I've been watching all week and thoroughly enjoying the play. Stefanos Tsitsipas, a twenty year old player from Greece, upset Roger in the 4th round but what a great match. Made you wish both players could win.


----------



## Camper6 (Jan 21, 2019)

I would enjoy it if I knew how to score.


----------



## Warrigal (Jan 21, 2019)

Djokovic is playing Medvedev now. It is still only the first set.
Djokovic is ranked #1 in the world.

Camper, the  score is 5 games to 3 in favour of Djokovic which means that he only has to win one more game to win the set.
Whoever wins three sets out of five wins the match.
Medvedev just won the last game so the score is now 5 games to 4.

It goes on and for this game Medvedev is the server, which is to his advantage. He looks like winning it.
Spoke too soon. The score in now 40:40, also known as deuce. From now on they must keep serving until one of the wins by two points.
It could easily go either way. 

Djokovic won that game so the score is 6:4 which means he has won the set. The general rule is first to win 6 games or better but you must have 2 more games than the opponent.

Enough of the scoring. For further enlightenment, just Google.


----------



## Warrigal (Jan 21, 2019)

It is one set all, Djokovic leads the next set 4 games to 2.

It is good to watch. The rallies have been amazing.


----------



## Warrigal (Jan 21, 2019)

Scores are now Djokovic 6:4, 6:7, 6:2 and Djokovic leads in the 4th set 4:3

Djokovic wins 6:4, 6:7, 6:2, 6:3. Medvedev fought very hard.


----------



## chic (Jan 21, 2019)

Nishikori of Japan won another tough 5 setter today against Pablo Carreno Busta of Spain. What a match ! Nishikori was down 2 sets and a break and came back to win in a fifth set tiebreak. I think this was the match of the tournament after the Tsitsipas Federer match.


----------



## Warrigal (Jan 21, 2019)

Serena Williams is looking very strong too. All Australian eyes are on Queenslander Ashley Barty who is something of a favourite. 
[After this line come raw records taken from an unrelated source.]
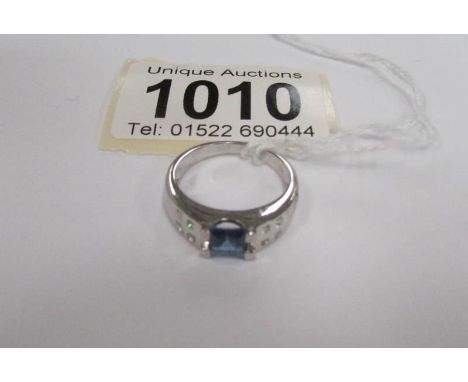 A white gold sapphire and diamond ring, size N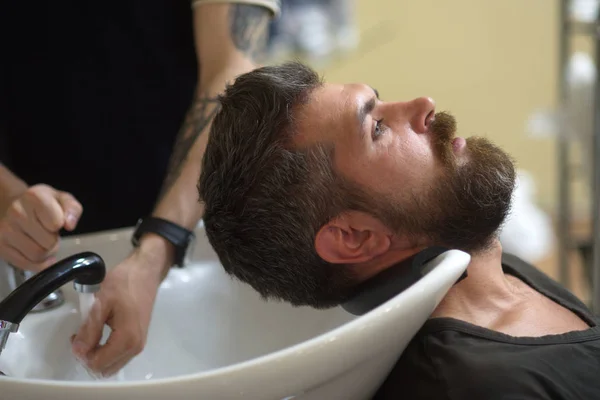 Bearded man mustache in barber shop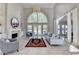 Bright living room with high ceilings, fireplace, built-in bookshelves, and expansive windows at 7080 Greatwood Trl, Alpharetta, GA 30005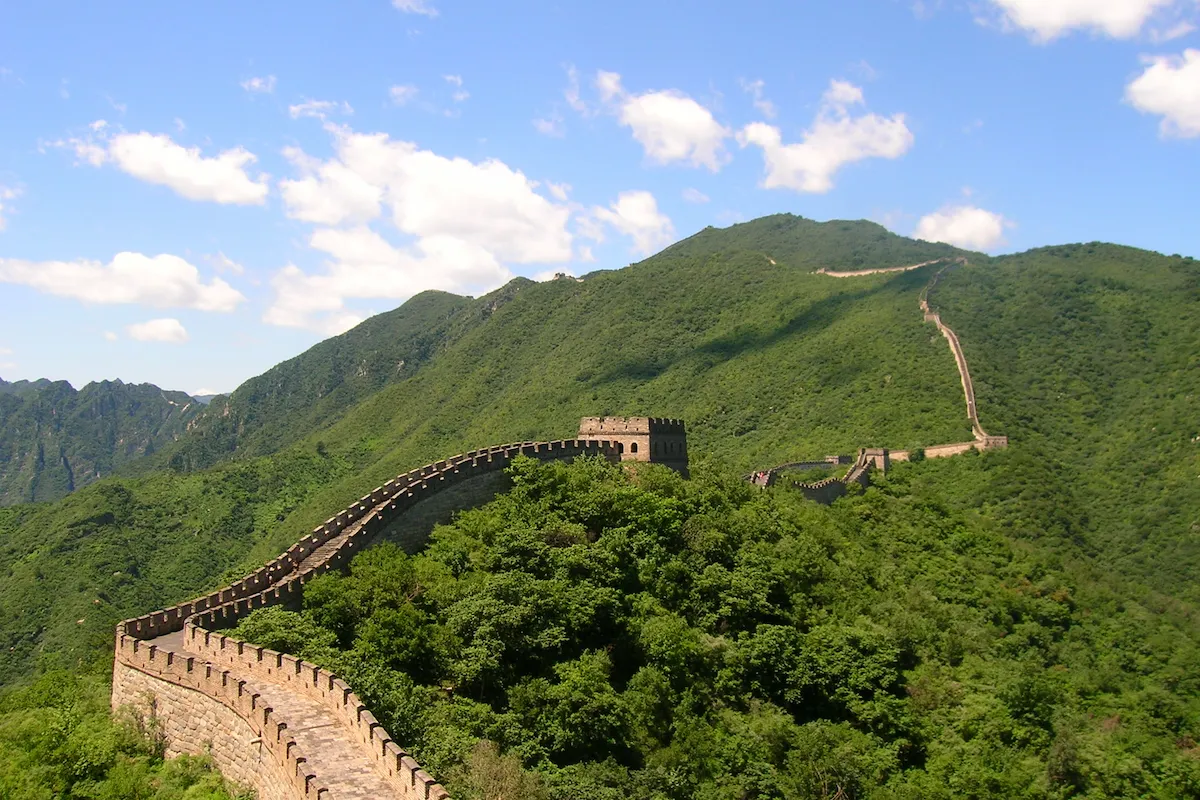 Great Wall of China winding over green mountains at the Mutianyu section near Beijing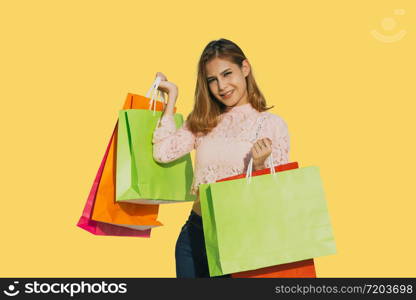 Asian women Beautiful girl is holding shopping bags and smiling on yellow background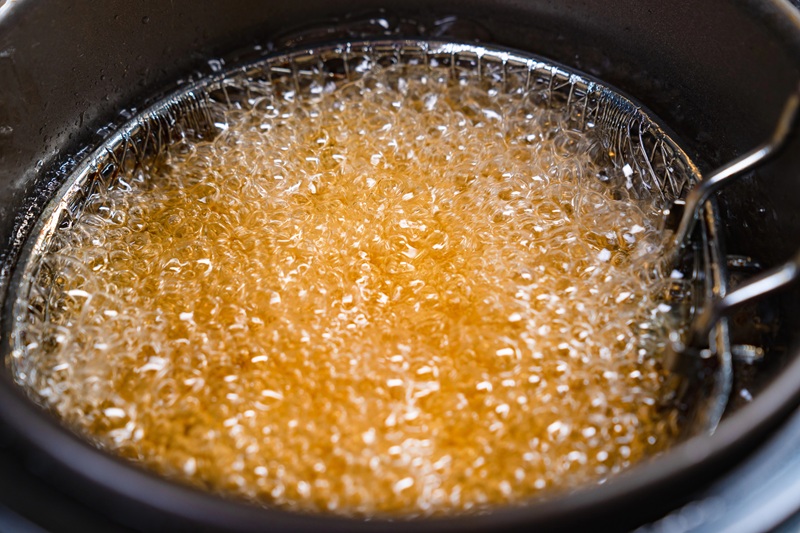 A fotografia mostra uma fritadeira cheia de óleo quente borbulhante e amarelado.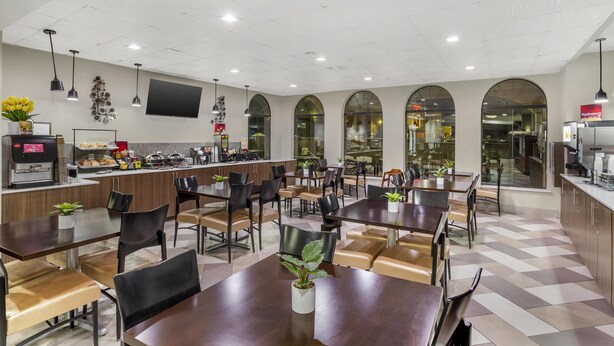 A modern dining area with multiple tables and chairs, a coffee machine, and a counter with a variety of food items. - Best Western Plus Heritage Inn (Houston)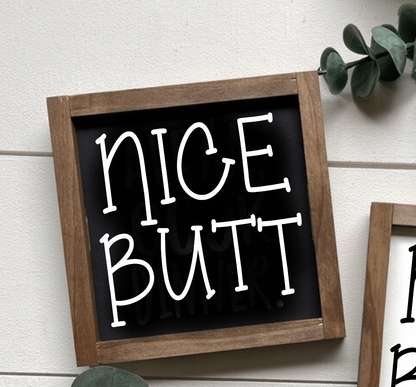 Handcrafted "Nice Butt" wood sign with black background and white lettering, framed in wood.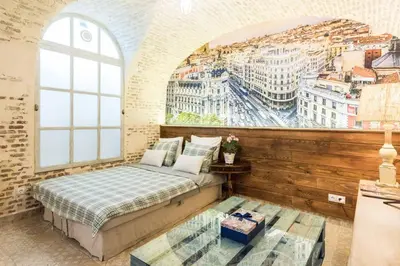 Cama o camas de una habitación en Chueca - Apartamento tranquilo para 4 personas-P35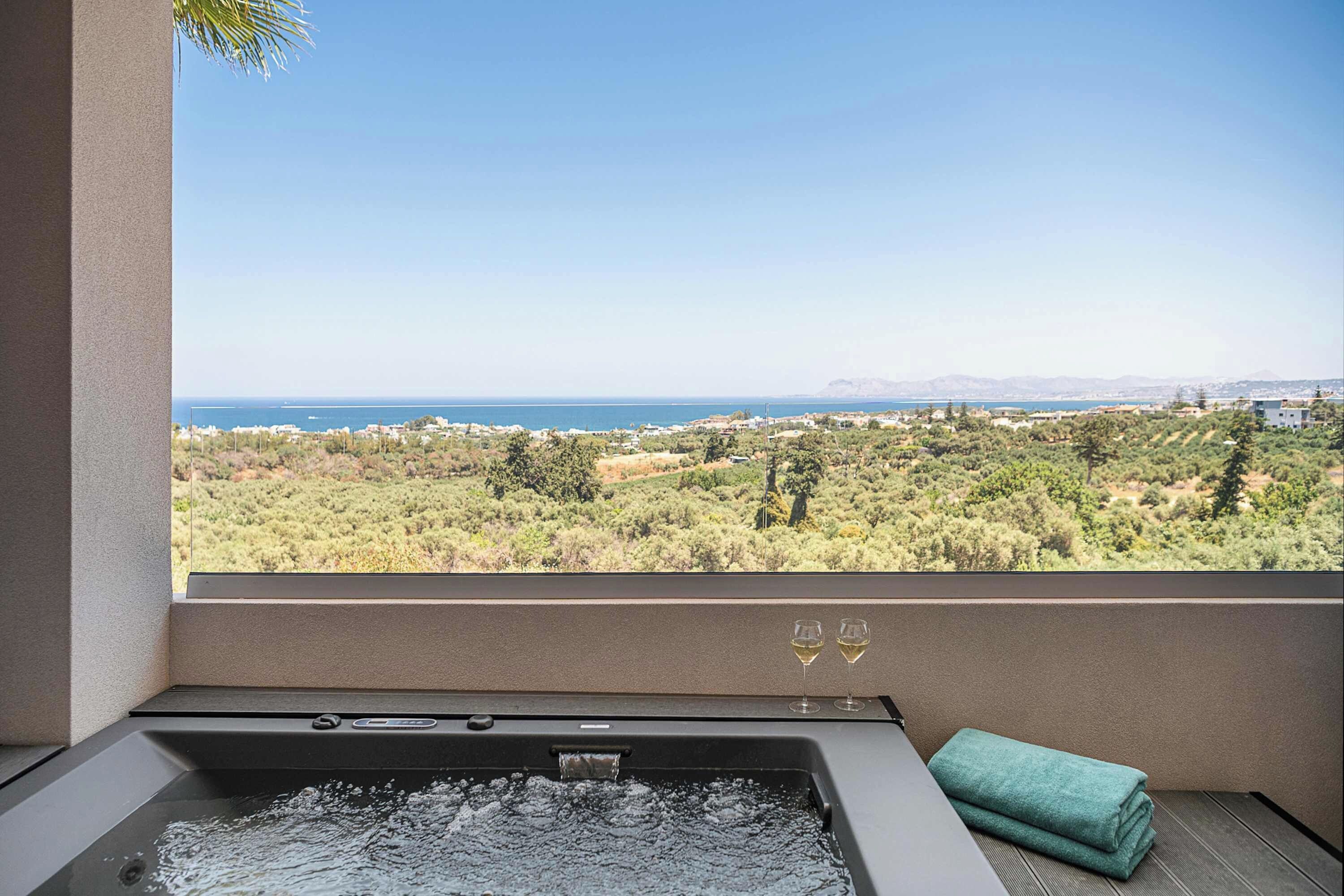 A spa area with a hot tub, a view of the sea, and a window with two wine glasses.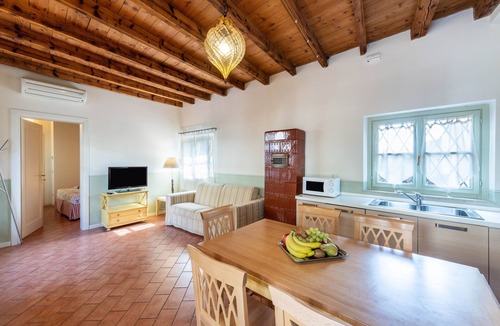 San Felice del Benaco Apartment | Apartment 'Villa Antica Torre Boccaccio' with Shared Pool, Wi-Fi and Air Conditioning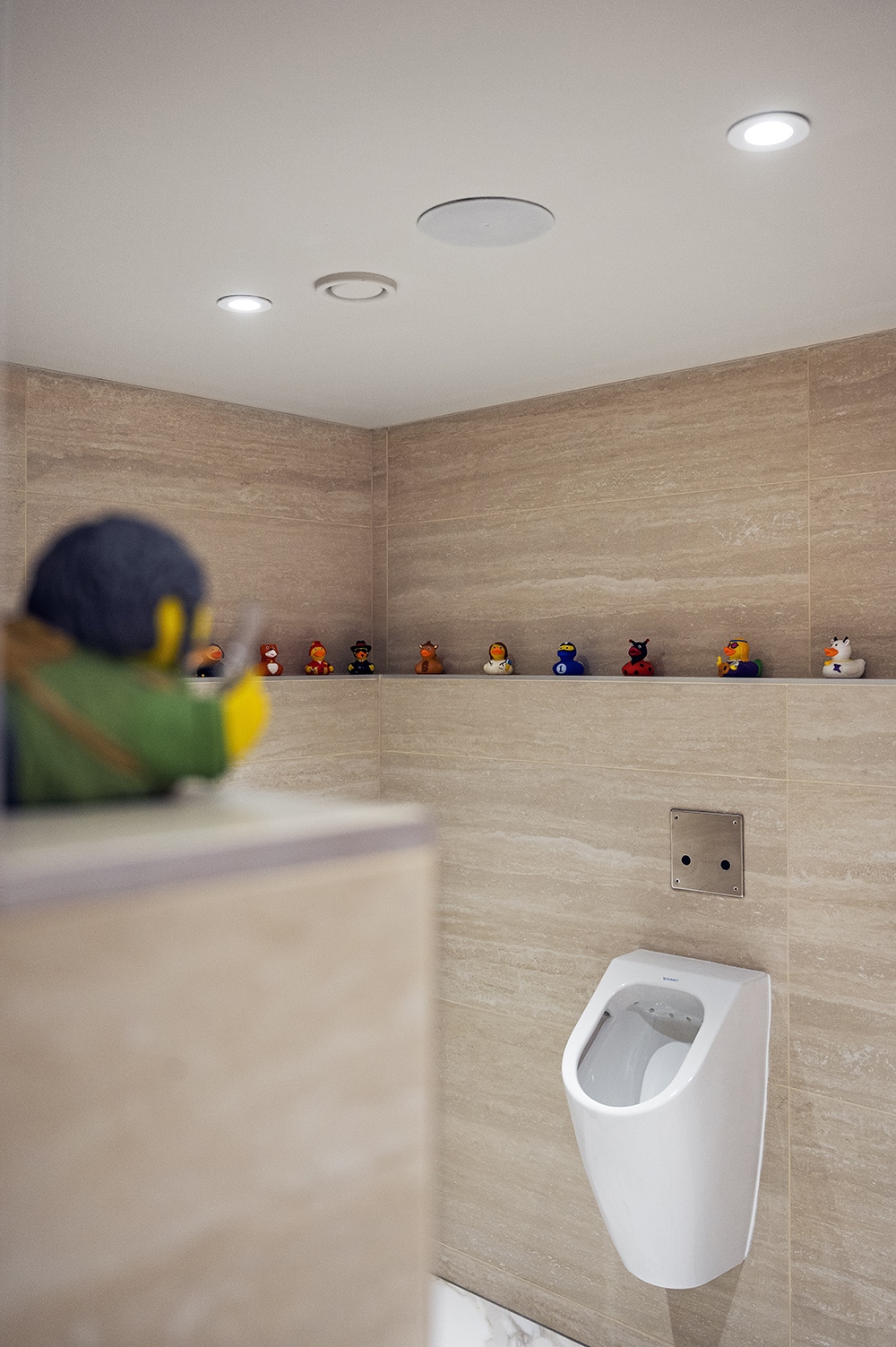 A műalkotások mellett olyan gegek is megjelennek, mint a férfi mosdóban látható fürdőkacsa-kiállítás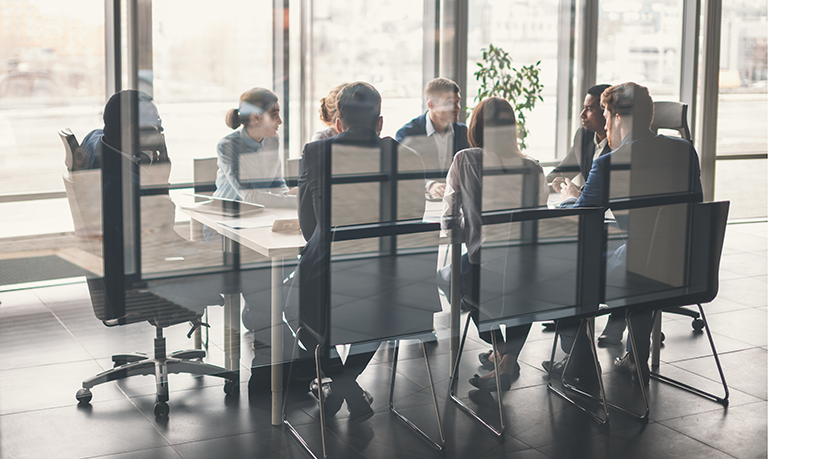 Managerinnen und Manager sitzen an einem Konferenztisch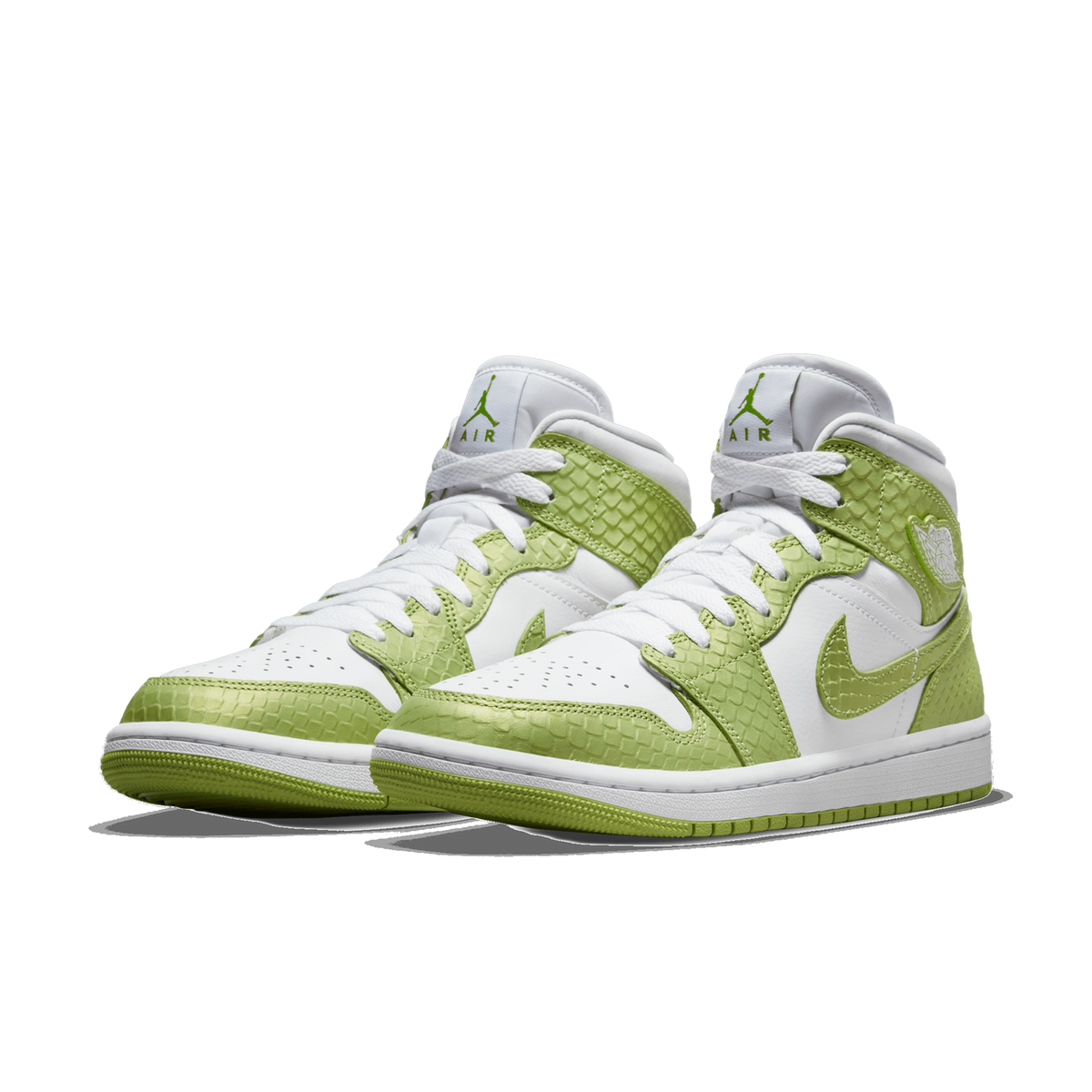 A pair of green and white high-top sneakers with a green snakeskin-textured overlay, shown side by side at a three-quarter angle with toes pointing toward the viewer and to the left, with white laces, Air and Jumpman branding on the tongues, and whit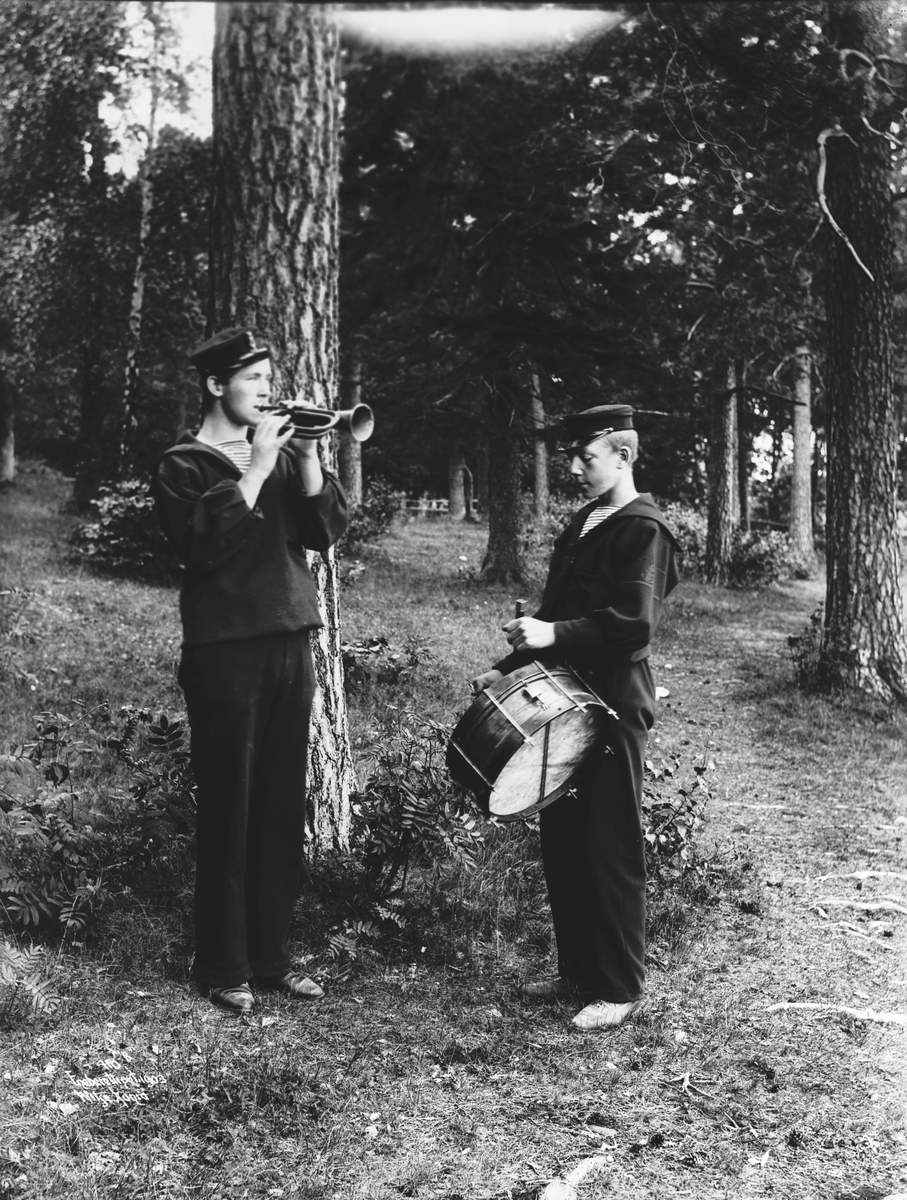 2 marinegaster fra Sjøkrigsskolen spiller på sine instrumenter, trompet og tambur ute i et hyggelig skogsterreng.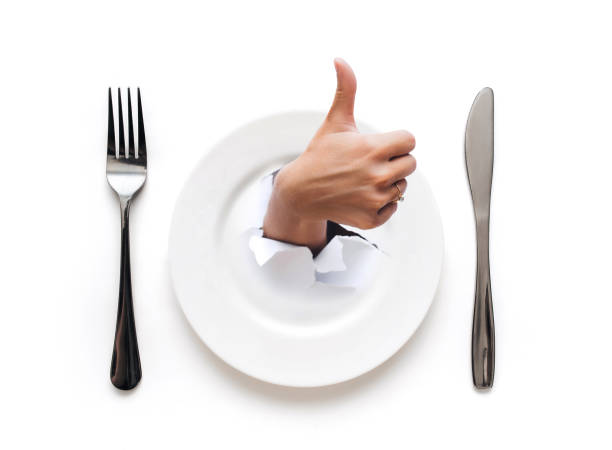 Plate,fork and knife lie on a white tablecloth.A hand appears through the plate in the torn hole of the paper with an Like gesture.The concept of a good restaurant and minimalist table setting, top view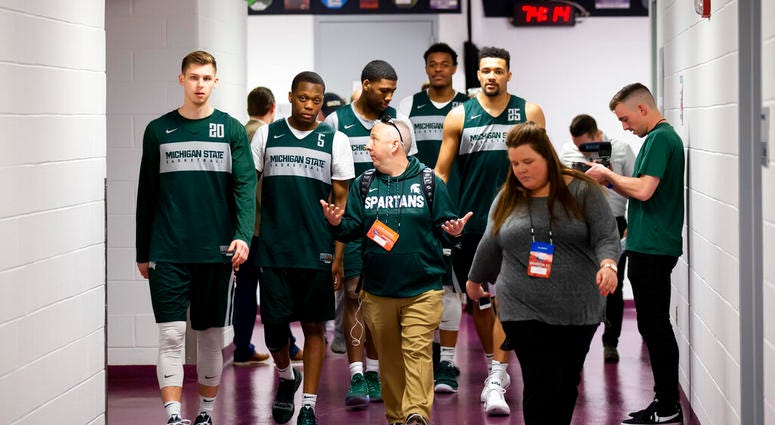 Michigan State guard Matt McQuaid, left, guard Cassius Winston, forward Aaron Henry, forward Xavier Tillman and forward Kenny Goins walk to an NCAA men's college basketball individual news conferences in Washington, Saturday, March 30, 2019. Michigan Stat Michigan State guard Matt McQuaid, left, guard Cassius Winston, forward Aaron Henry, forward Xavier Tillman and forward Kenny Goins walk to an NCAA men's college basketball individual news conferences in Washington, Saturday, March 30, 2019. Michigan Stat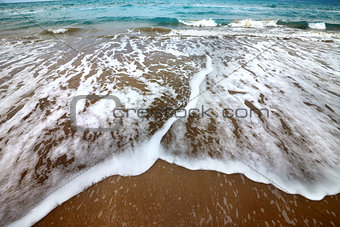 Sea beach with waves in autumn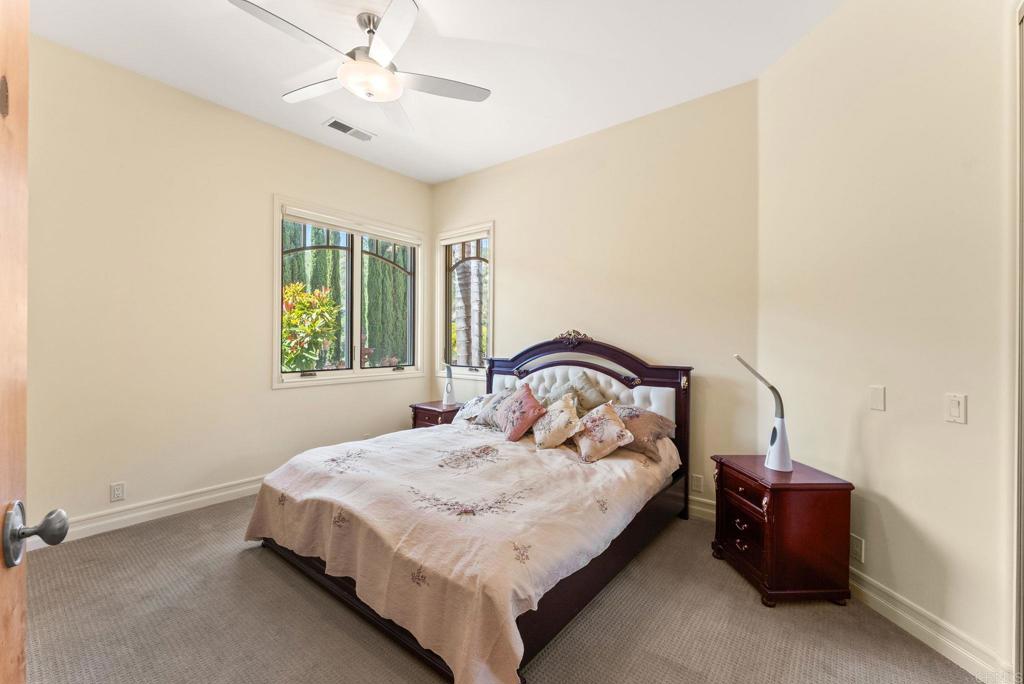 28820 Willow Park Road Escondido, CA 92026 - Photo 55 of 72 a bedroom with a bed and a chandelier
Details of results and who will be advancing to the quarter finals here: https://www.foxsports.com.au/tennis...o/news-story/795bc15a5babef090271a67520c80383


----------



## chic (Jan 22, 2019)

Stefanos Tsitsipas beat Roberto Batista Agut to make it into his first grand slam semi final where he will face Rafa Nadal. Well done. Great matches all from the 20 year old.


----------



## moviequeen1 (Jan 23, 2019)

I watched  Serena Williams- #6 seedKarolina Pliskova match last night
Karolina  hit some unbelievable shots and different looks to her serve had Serena trying to figure it out
Karolina won 1st set 6-4,Serena came back to win 2nd 6-4.Serena was leading 5-1 in the 3rd, started to unravel for her when she was called for a foot fault Then she twisted her ankle trying to go for a shot.Karolina won 3rd set 7-5
I don't know if she 'choked' but in my mind Karolina was the better player happy that she won
On the men's side,I'm rooting for Rafa to win another title Sue


----------